Traditional porchetta involves a whole piglet or suckling pig. You–or your friendly porchettaio, which is the route the very sensible Italian housewife would take–slaughter your pig, then stuff the belly with a herby green stuffing containing rosemary, fennel and onions, and some of the pig’s own offal. The whole thing then gets roasted on a spit over a wood fire for several hours before being sliced up and served on crusty bread rolls. (The eternally lovely Nigella Lawson advises ciabatta rolls to soak up all the juices.)
Now, I love a culinary challenge, but a piglet is a bit beyond my comfort zone. Plus, since I can’t persuade Dave to let me turn the pit in the garage into a tandoor, I didn’t hold out much hope of him saying that a fire pit was a wonderful idea.
It was time to stop dreaming about gloriously burnished piglets, snouts running with fat, and return to a more domestic–but hopefully just as tasty–reality.
I eventually settled on a recipe after cobbling bits together from Jamie, Nigella Lawson, Gennaro Contaldo and Mario Batali and diligently assembled a huge pile of aromatics and herbs. Frankly, it was a formidable amount of flavouring and if it hadn’t all smelt gorgeous then I’d have worried about it being a case of “too many cooks”, but once I thought about it logically I realised that it all knit together neatly in terms of flavours.
Pictured are bay leaves (from the garden!) rosemary, sage, onion, garlic, lemon, dried chilli, fennel seeds and black peppercorns.
Bay leaves go with any sort of meat, rosemary and sage are particularly good with pork and combine beautifully with bay. Onions, garlic and lemon are no-brainers—a fundamental of any stuffing as far as I’m concerned. As for fennel seeds and chilli… well, they just taste great!
I served the porchetta with roasted potatoes–as always, courtesy of Dave–some roasted butternut squash–I added some crushed chilli as suggested by Jamie and it was fantastic–and some spring greens that I sauteed in garlic and lemon after blanching.
It was all just fantastically good.
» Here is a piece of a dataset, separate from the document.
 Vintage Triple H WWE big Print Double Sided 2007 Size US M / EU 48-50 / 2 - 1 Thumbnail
The crackling that I’d been so worried about had crackled. As my punnish husband put it, “The crackling was cracking!” The meat was succulent and so full of flavour–and not just from the herby stuffing. The British Meat Marketing Board are right–British pork is incredibly good, even the supermarket stuff. I was particularly proud of the gravy which was powerfully flavoured with all the fresh herbs I’d chucked into the roasting tin, and also slightly sweet from the root vegetables.
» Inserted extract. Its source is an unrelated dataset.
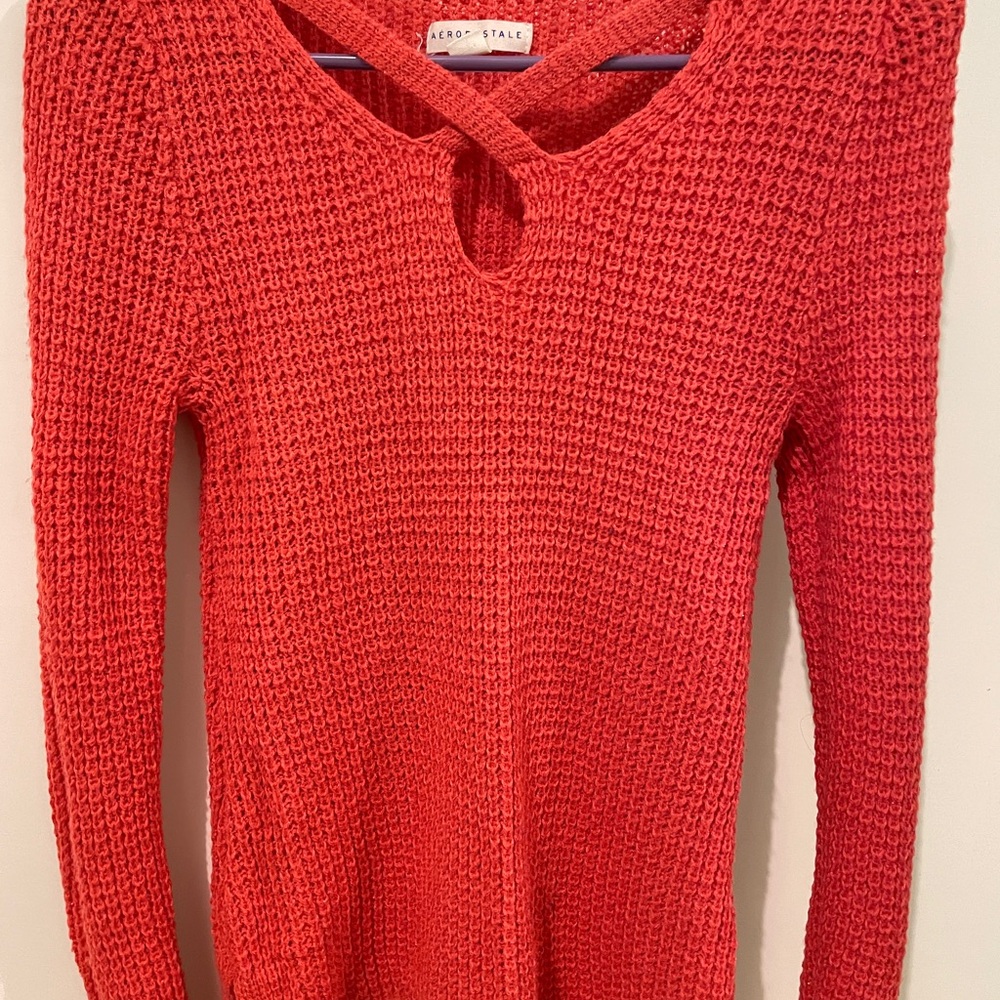Women's orange sweater from aeropostale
The only thing I’d do differently next time is use a razor blade to score the skin of the pork and… cook a much bigger piece of meat! I really wanted to try it in a sandwich today, but it was all devoured in one sitting.
Porchetta
Source: Adapted from recipes by Jamie Oliver, Nigella Lawson, Gennaro Contaldo and Mario Batali.
1.7kg boneless pork leg joint (or whatever cut you like best)
2 tablespoons extra-virgin olive oil
1 large onion, finely chopped
4 fat cloves garlic, minced
4 fresh bay leaves, finely chopped
2 large sprigs rosemary (approximately 10cm long apiece), needles finely chopped
2 sprigs sage, finely chopped
1 tablespoon fennel seeds
1 large dried red chilli
1 1/2 teaspoons sea salt, plus extra for the crackling
8 black peppercorns
zest of 1/2 a lemon
2 red onions
1 stick celery, chopped
1 small carrot, chopped
2 sprigs rosemary
1 sprig bay leaves (there were ~8 leaves on mine)
1 glass decent white wine
250ml chicken stock
Tear the chilli into pieces and put it into a mortar along with the fennel, half the salt, and the peppercorns. Grind it all together with the pestle until you’ve got a medium fine powder. Tip in the rest of the salt and set aside.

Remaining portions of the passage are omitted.